• **Exercise data**:
⟨

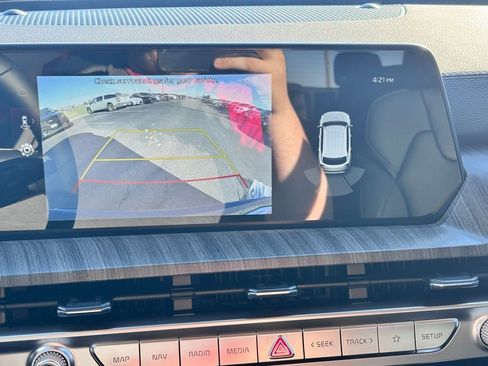 New 2025 Kia Telluride EX w/ EX Captain's Chair Package AWD/4WD image 21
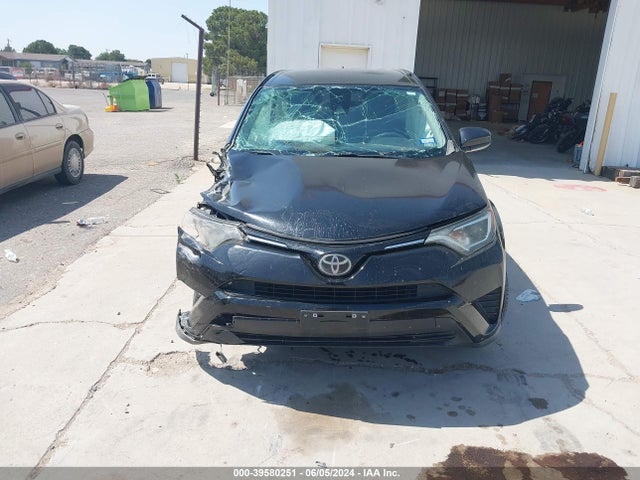Toyota RAV4 LE 2017 2T3ZFREV7HW394389 Image 11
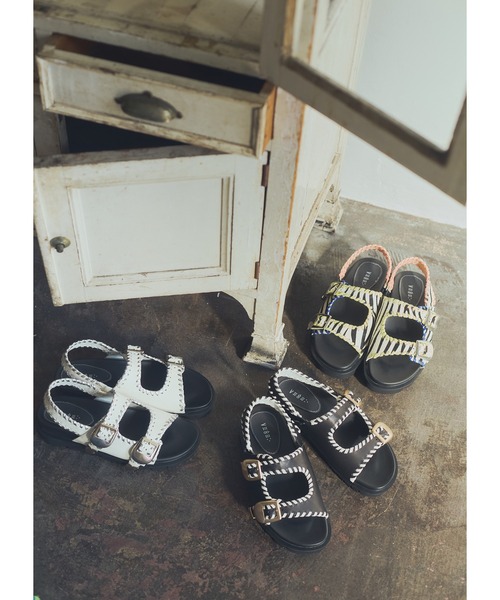 VEGE(ベジ)の「VEGE Starfish Sandal(サンダル・レディース・ブラック/マルチ/ホワイト/ブルー・24.5/23.5/25.5)」の5枚目の写真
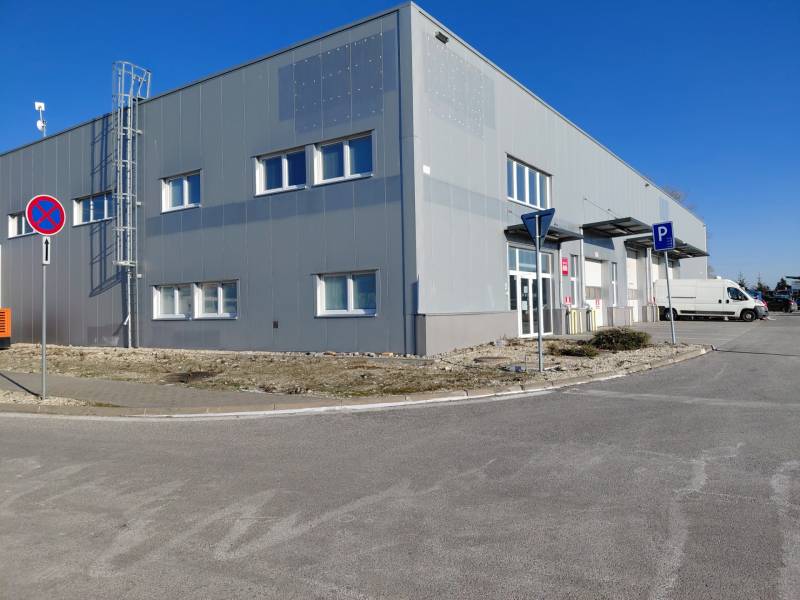 Lager und Hallen in der Technická-Straße in Bratislava - Ružinov mit Parkplätzen und Verkehrsschildern.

⟩

• **Your objective**:
Every line from the one containing "Toyota RAV4 LE" through the last line of the listing must be written out again exactly, and no other line. Leave the pictures aside.

• **Task result**:
Toyota RAV4 LE 2017 2T3ZFREV7HW394389 Image 11
 VEGE(ベジ)の「VEGE Starfish Sandal(サンダル・レディース・ブラック/マルチ/ホワイト/ブルー・24.5/23.5/25.5)」の5枚目の写真
 Lager und Hallen in der Technická-Straße in Bratislava - Ružinov mit Parkplätzen und Verkehrsschildern.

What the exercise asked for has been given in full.